EXERCISE:
Without the pictures, reproduce the entries below exactly.

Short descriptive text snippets
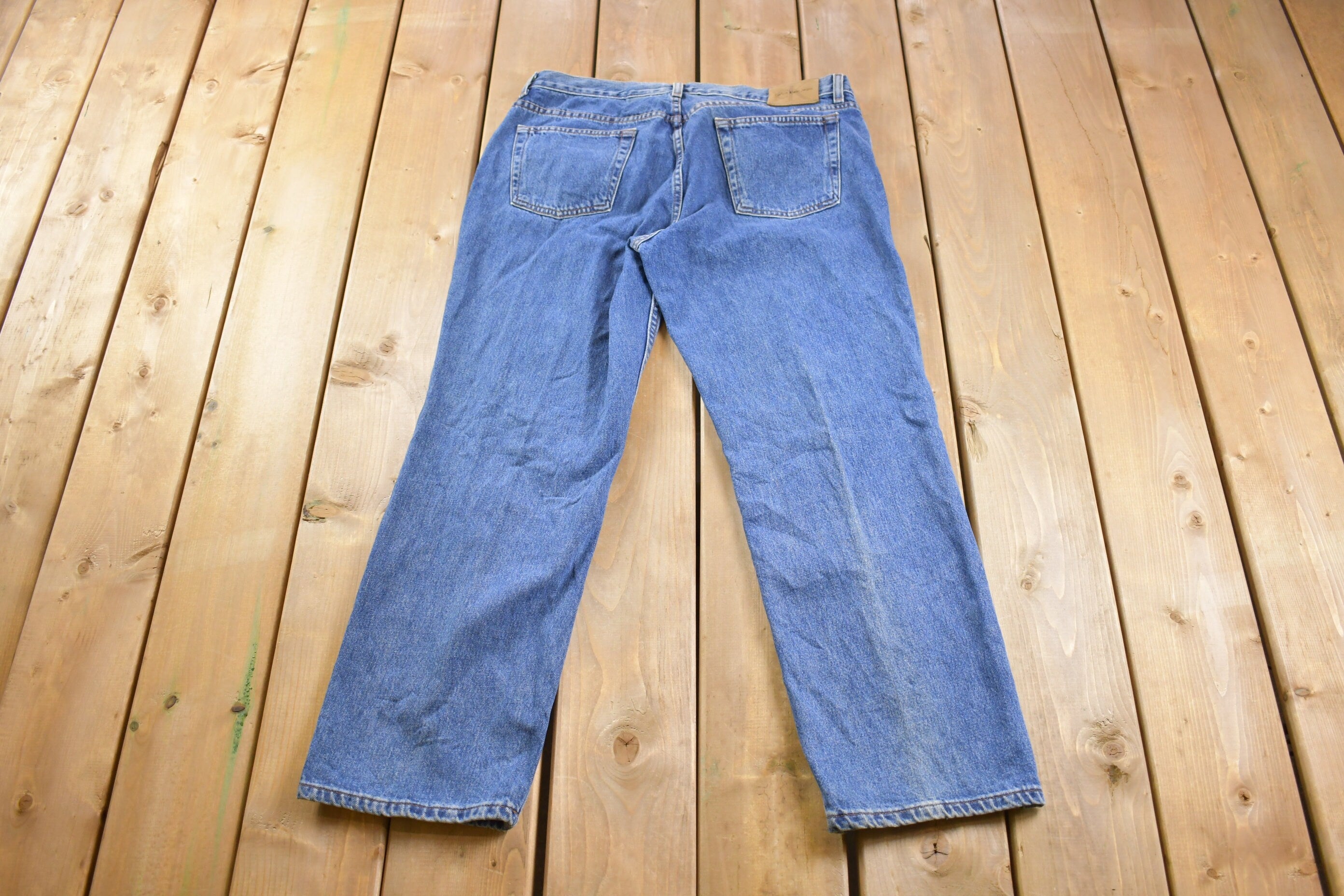 Vintage 1990s Calvin Klein Jeans Size 34 x 28.5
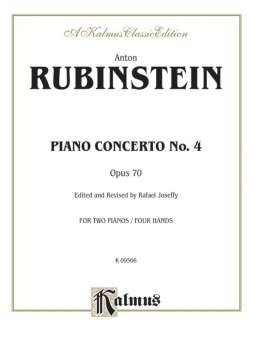 Concerto no.4 op.70 for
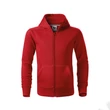 Kép 2/4 - Trendy Zipper Felső gyerek, piros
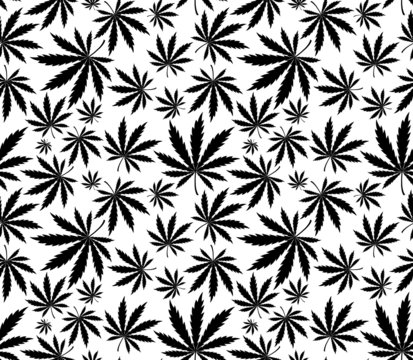 cannabis pattern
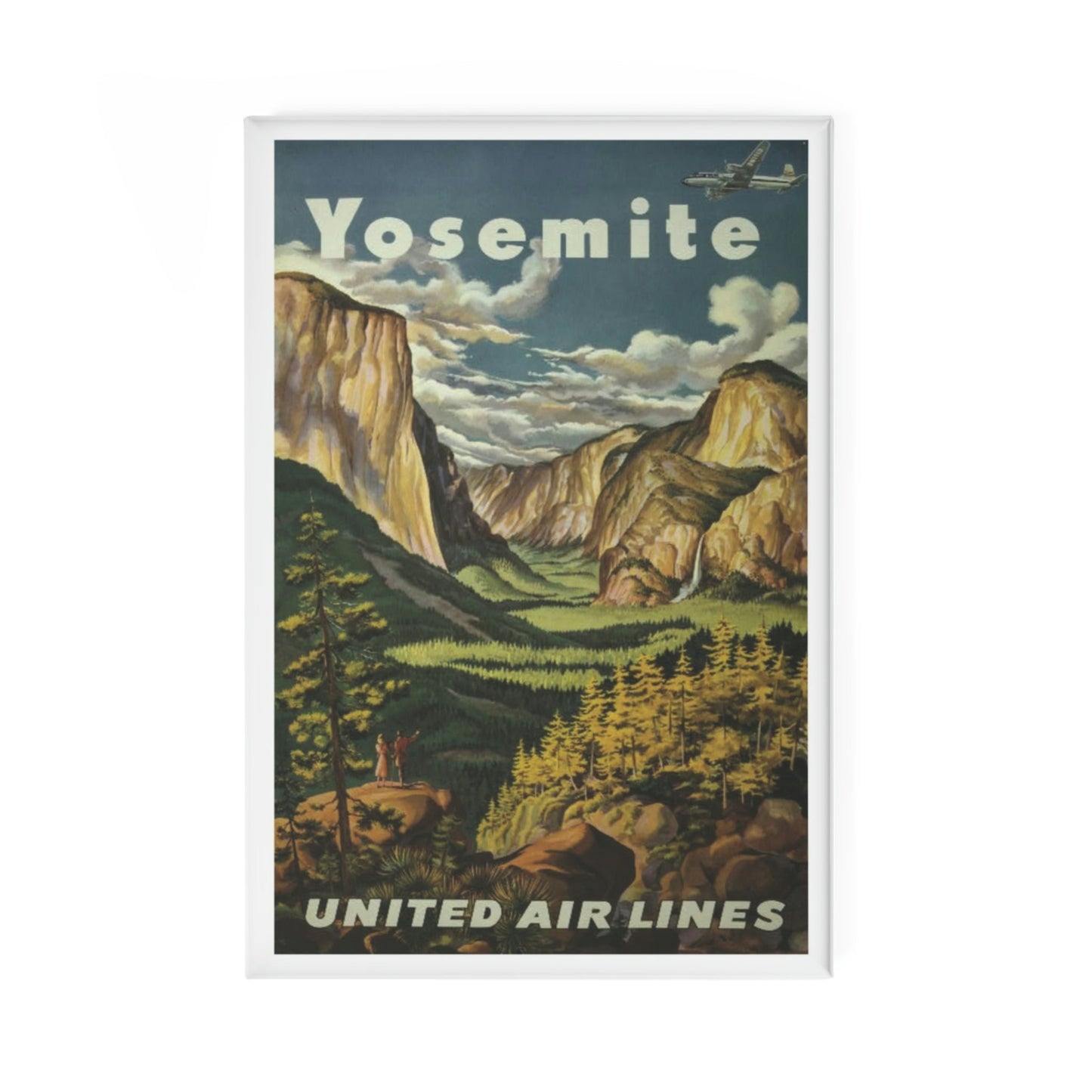 Yosemite UAL Magnet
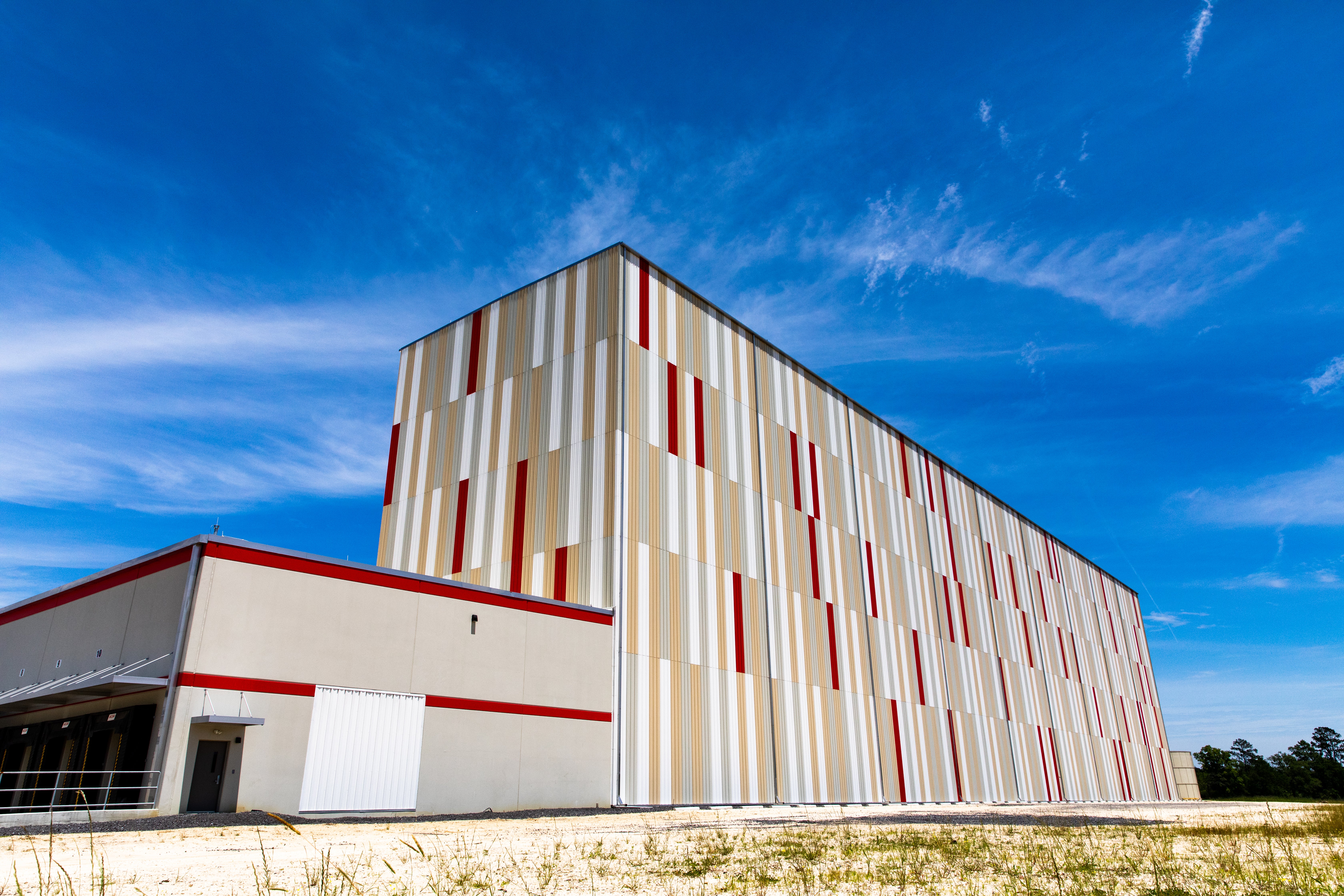 AS RS Hammond Warehouse Exterior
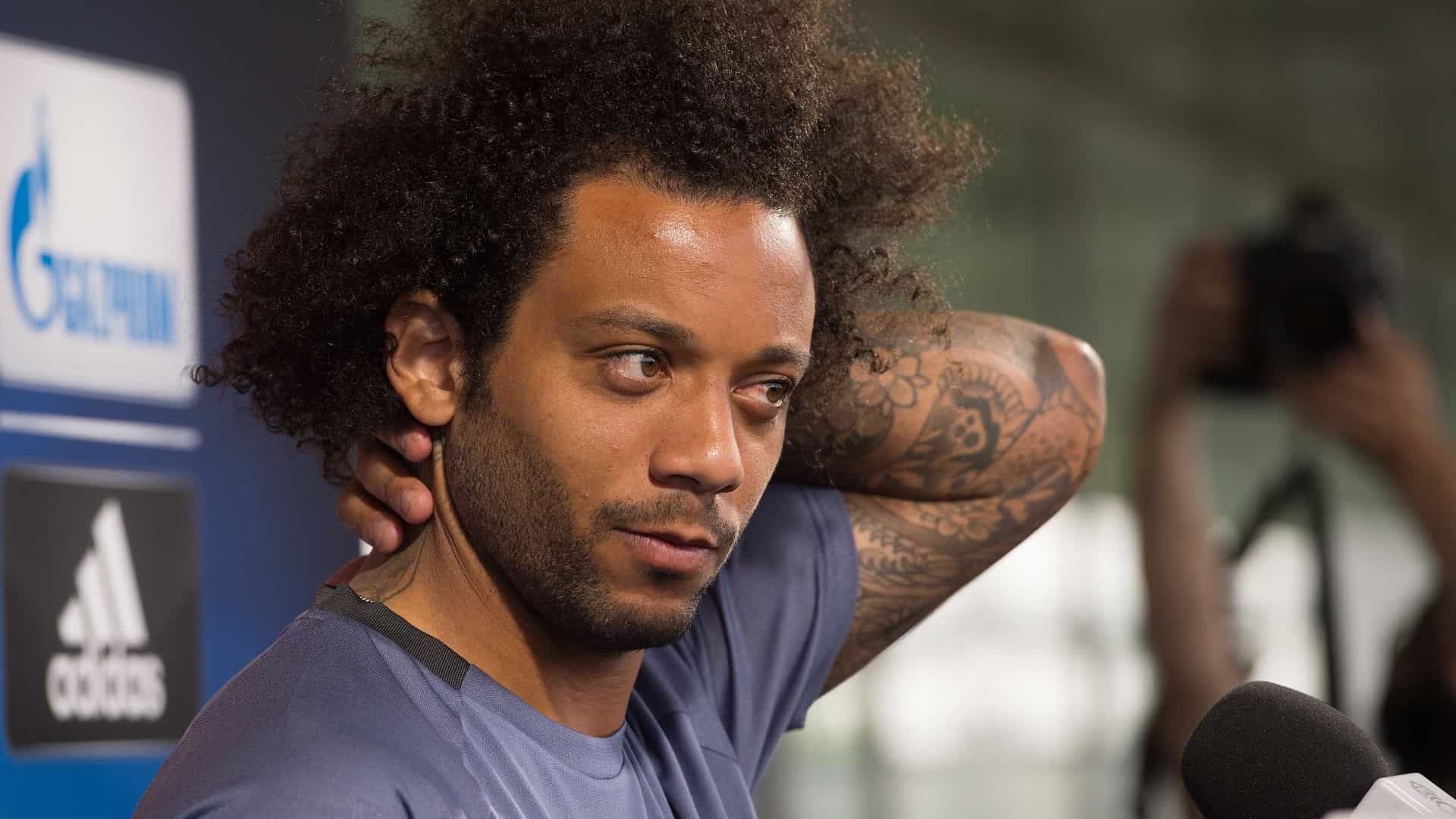 Marcelo sofre nova lesão e volta a desfalcar o Real Madrid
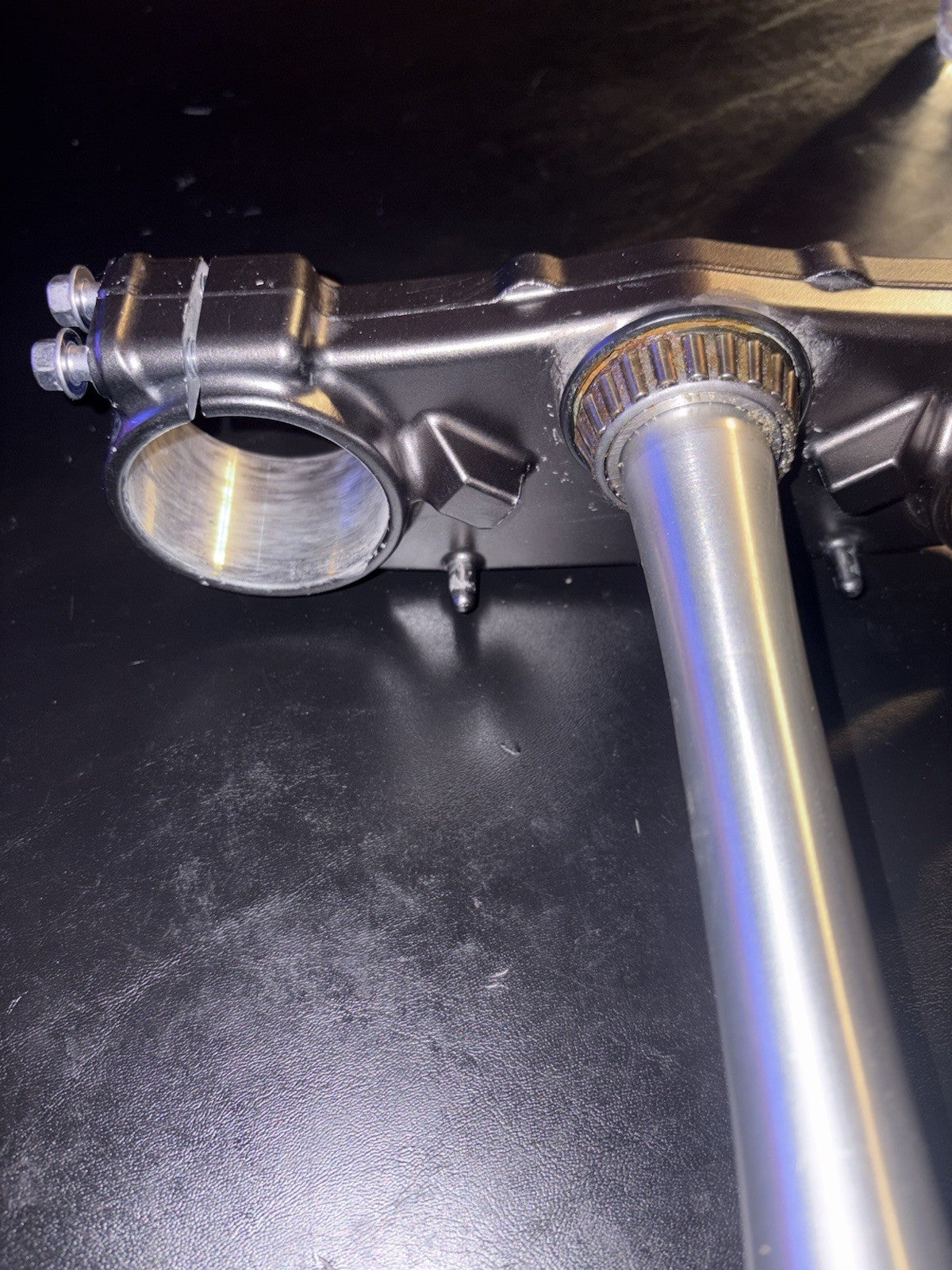 2010 - 2013 Yamaha YZ450F YZ 450F Triple Tree Upper Lower Bar Fork Clamp 1 1/8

ANSWER TO THIS PROBLEM:
 Vintage 1990s Calvin Klein Jeans Size 34 x 28.5
 Concerto no.4 op.70 for
 Kép 2/4 - Trendy Zipper Felső gyerek, piros
 cannabis pattern
 Yosemite UAL Magnet
 AS RS Hammond Warehouse Exterior
 Marcelo sofre nova lesão e volta a desfalcar o Real Madrid
 2010 - 2013 Yamaha YZ450F YZ 450F Triple Tree Upper Lower Bar Fork Clamp 1 1/8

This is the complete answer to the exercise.